Acara Giring Gumolong di Telaga Bedakah

Share this Post:
Standard Post with Image

Wonosobonews.com - Warga Desa Tlogomulyo, Kecamatan Kertek, Wonosobo mengadakan acara Giring Gumolong di kawasan wisata Telaga Bedakah pada Selasa, 20 Agustus 2024.

Pada pagi hari, warga desa mengenakan pakaian adat dan melakukan kirab budaya keliling desa dengan tema potensi desa. Setelah itu, mereka mengarak 35 tumpeng dan satu gunungan hasil bumi yang dipersembahkan untuk warga desa.

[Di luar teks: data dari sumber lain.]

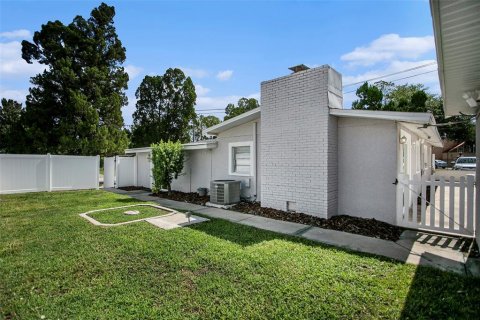 Casa en alquiler en Tampa, Florida, 3 dormitorios, 153.29 m2 № 1904908 - foto 24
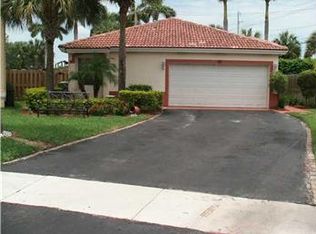 22 Gables Blvd, Weston, FL 33326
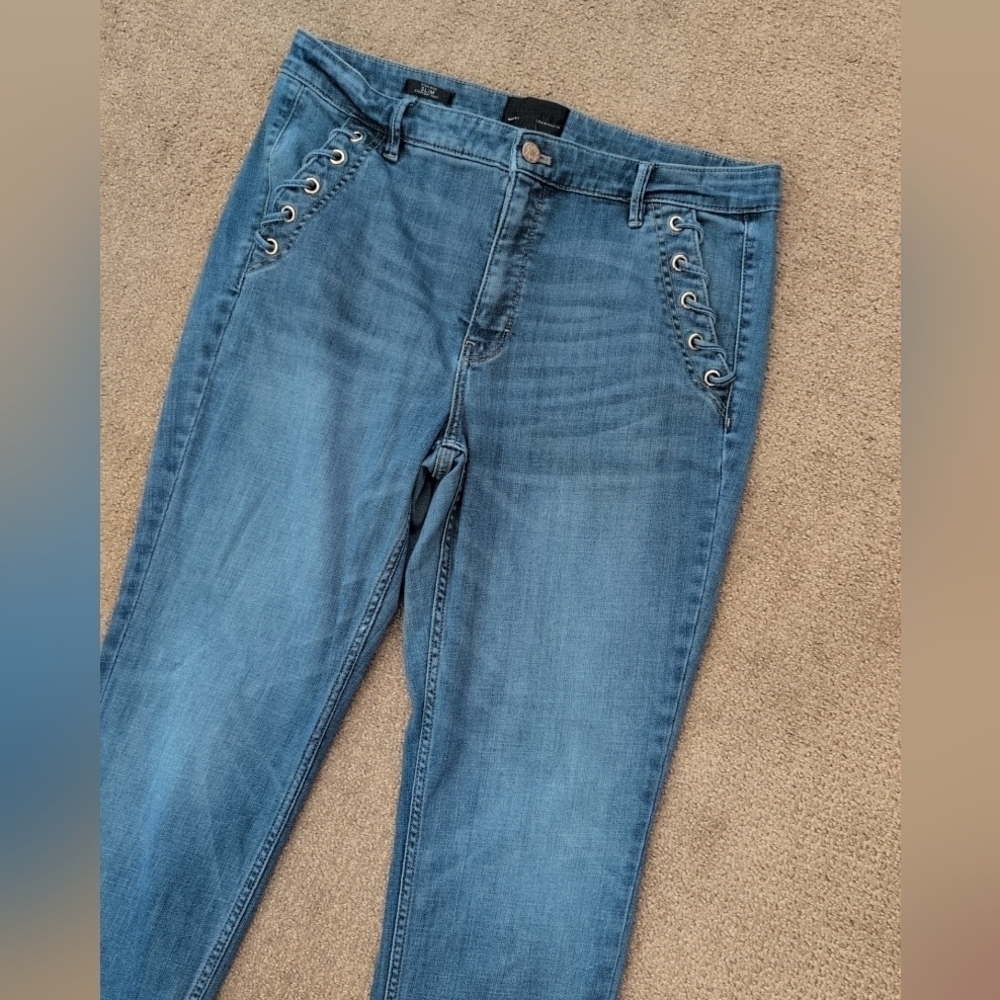 White House Black Market High Rise Slim Everyday Soft Grommet Pocket Detail Jean - Picture 2 of 10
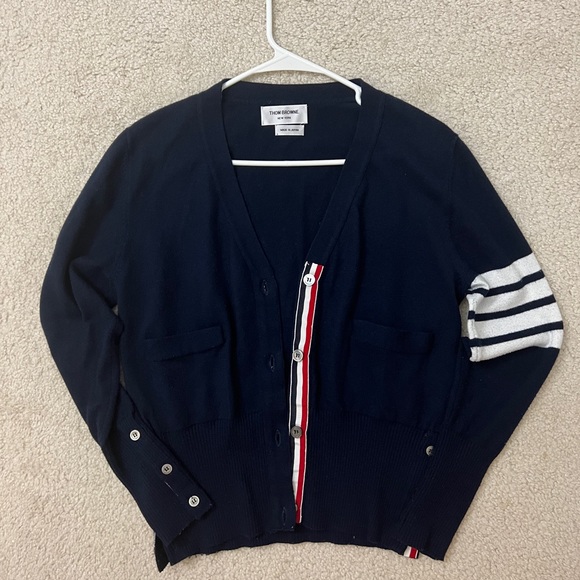 THOM BROWNE NAVY CASHMERE 4-BAR V-NECK CARDIGAN - Picture 5 of 5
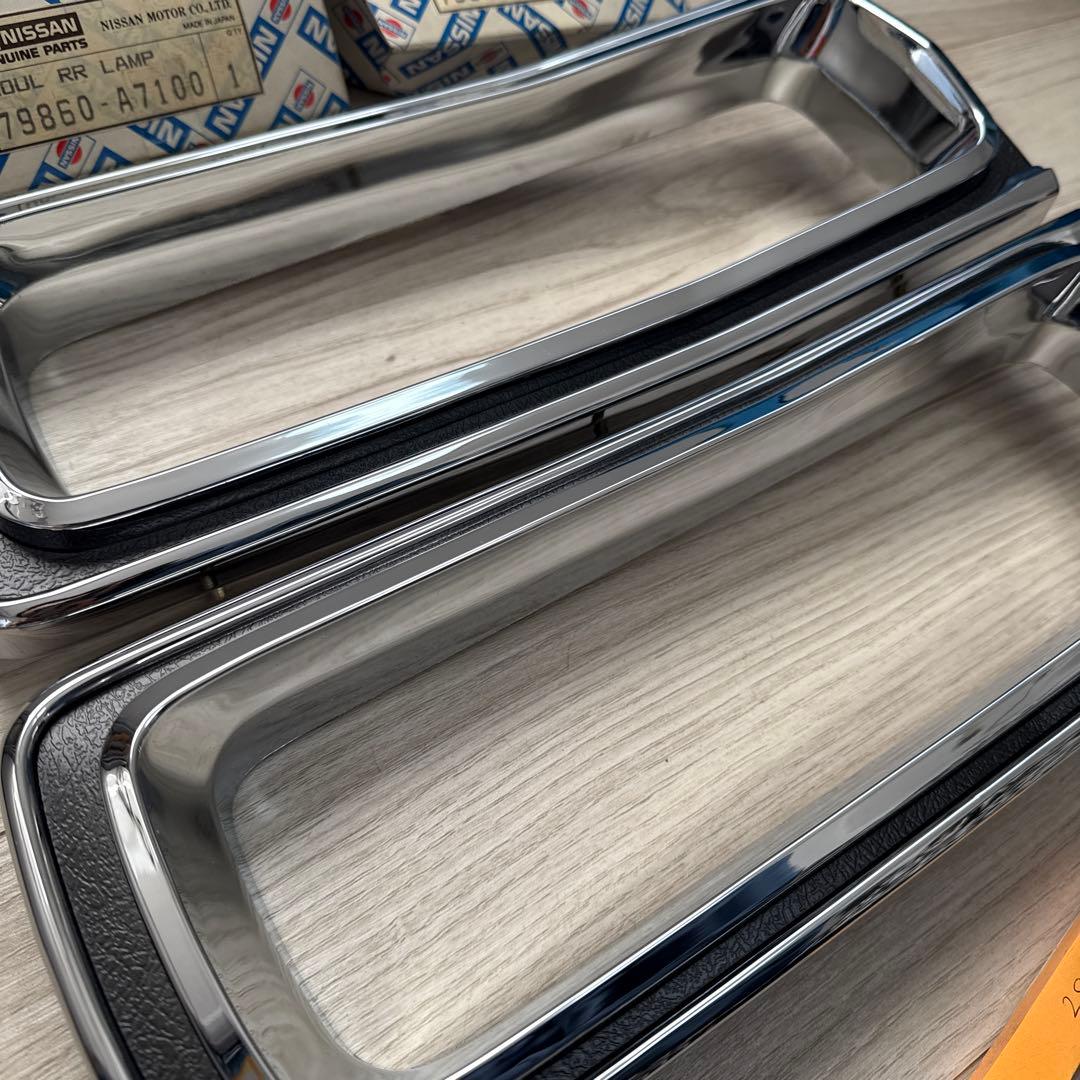 T*a様 Nissan MOUL RR LAMP 79860-A7100 2個セ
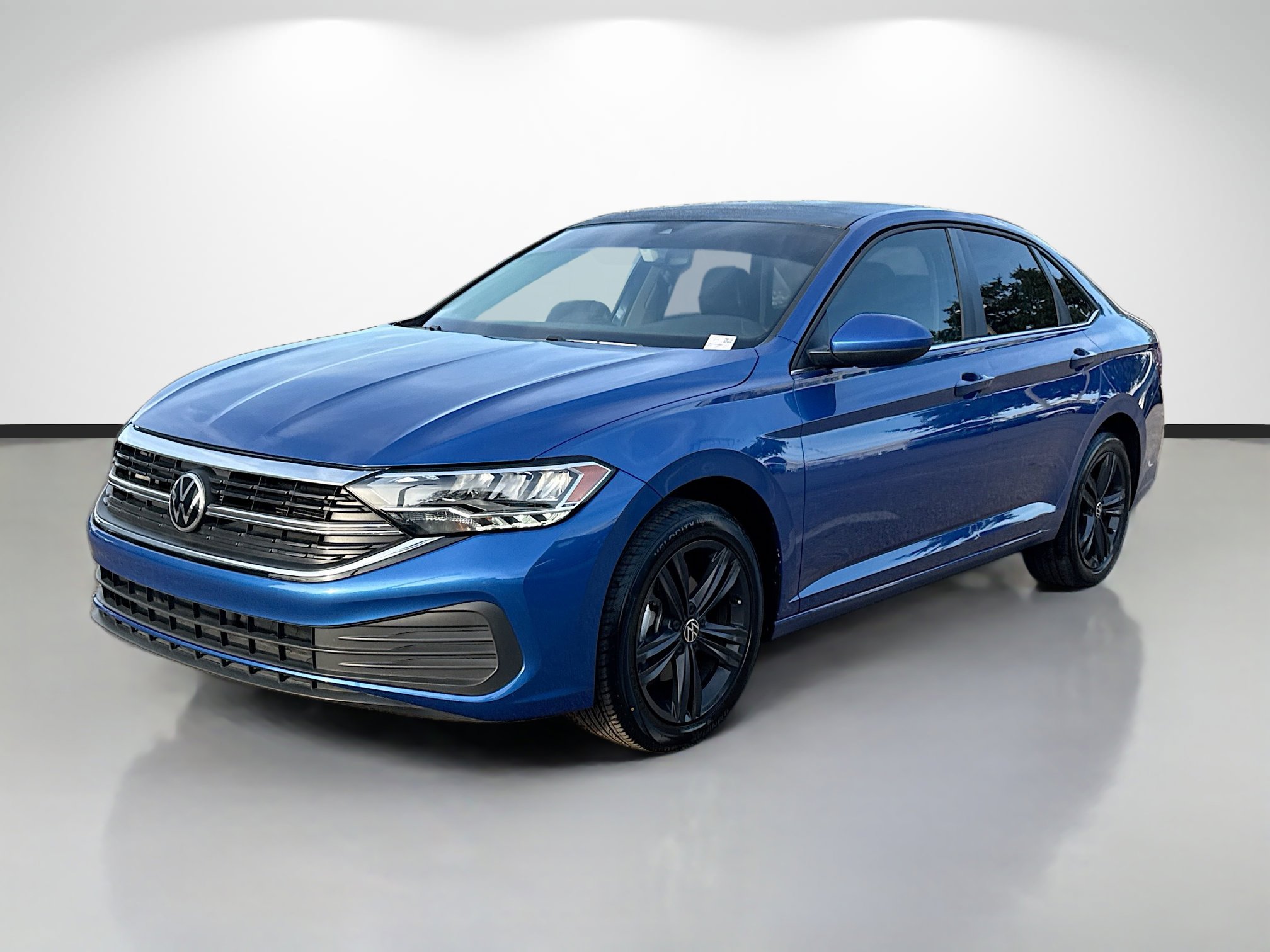 Used 2023 Volkswagen Jetta SE w/ Panoramic Sunroof Package image 7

Ketua panitia Giring Gumolong sekaligus pegiat seni Desa Tlogomulyo, Zudi Harnano, mengatakan bahwa acara ini menjadi ajang untuk menampilkan berbagai potensi Desa Tlogomulyo, seperti kesenian dan wisata desa.

Zudi menjelaskan bahwa banyak potensi desa yang perlu dimunculkan dan dilestarikan, seperti Tari Lengger dan Kesenian Bangilun yang sudah jarang ditemukan.  

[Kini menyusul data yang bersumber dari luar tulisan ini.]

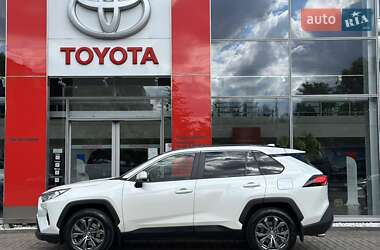 Внедорожник / Кроссовер Toyota RAV4 2022 в 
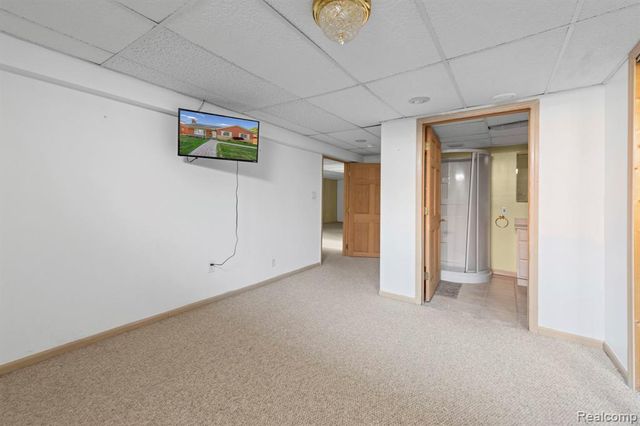 20085 Wedgewood Drive, Grosse Pointe Woods, MI 48236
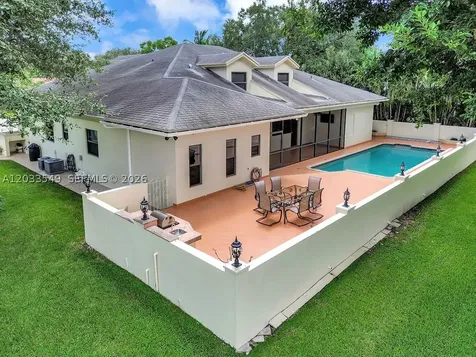 1067 SW 92nd Avenue Plantation FL 33324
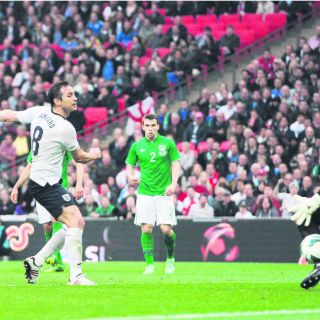 Lampard salva a Inglaterra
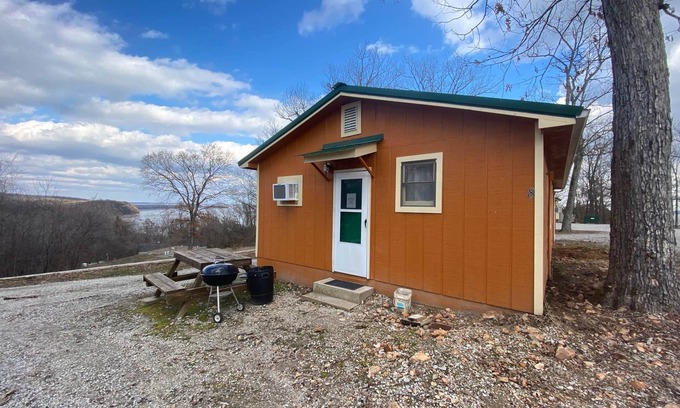 Warsaw Cabin | Cabin 8 - Reel and Trigger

"Pementasan seni ini dari komunitas seni yang ada di Desa Tlogomulyo salah satunya kesenian Bangilun. Ini yang mungkin masih asing di telinga kita dan coba kita kenalkan ke masyarakat," ujarnya.

Kesenian Bangilun adalah tarian yang dibawakan secara berkelompok dengan iringan musik tradisional dan syair-syair. Nama "Bangilun" merupakan akronim dari 'bengi-bengi terbangan neng alun-alun', yang artinya 'bernyanyi/hadroh di alun-alun pada malam hari'.

Syair-syair yang dinyanyikan dalam tarian ini memiliki makna mendalam dan berisi nasihat kehidupan. "Ini syair-syairnya luar biasa berisi petuah atau nasihat tentang kehidupan dari lahir sampai mati atau natas, nitis, netes. Jika syairnya dihayati akan mendapatkan hikmah untuk kehidupan ini," jelasnya.

Dulunya, Kesenian Bangilun digunakan sebagai media untuk menyebarkan ajaran Islam, karena pesan-pesan dalam syairnya mudah diterima oleh masyarakat.

Penari Kesenian Bangilun sekilas mirip dengan penari Kesenian Ndolalak, yang juga mengenakan pakaian dan topi khas. Kesenian Bangilun bisa dibawakan oleh laki-laki maupun perempuan, tetapi lebih menekankan pada syair-syair yang disampaikan. Biasanya, Kesenian Bangilun ditampilkan pada peringatan 1 Muharram atau saat merdi desa.

Di Wonosobo, Kesenian Bangilun sudah jarang ditemui karena tidak ada generasi muda yang meneruskannya. Namun, Desa Tlogomulyo berusaha menghidupkan kembali kesenian yang hampir punah ini.

"Di desa ini hanya ada satu orang yang paham mengenai kesenian ini, itupun umurnya sudah tua. Jadi ibaratnya sebelum obornya mati kita coba hidupkan kembali," ungkapnya.

Kesenian Bangilun mulai diajarkan kepada anak-anak desa melalui sanggar, dan juga dikenalkan di sekolah-sekolah agar generasi muda mengenal kesenian nenek moyangnya.

"Alhamdulillah anak-anak muda sudah mulai melirik. Harapannya ini juga akan menjadi potensi Desa Tlogomulyo yang terus ditonjolkan." pungkasnya.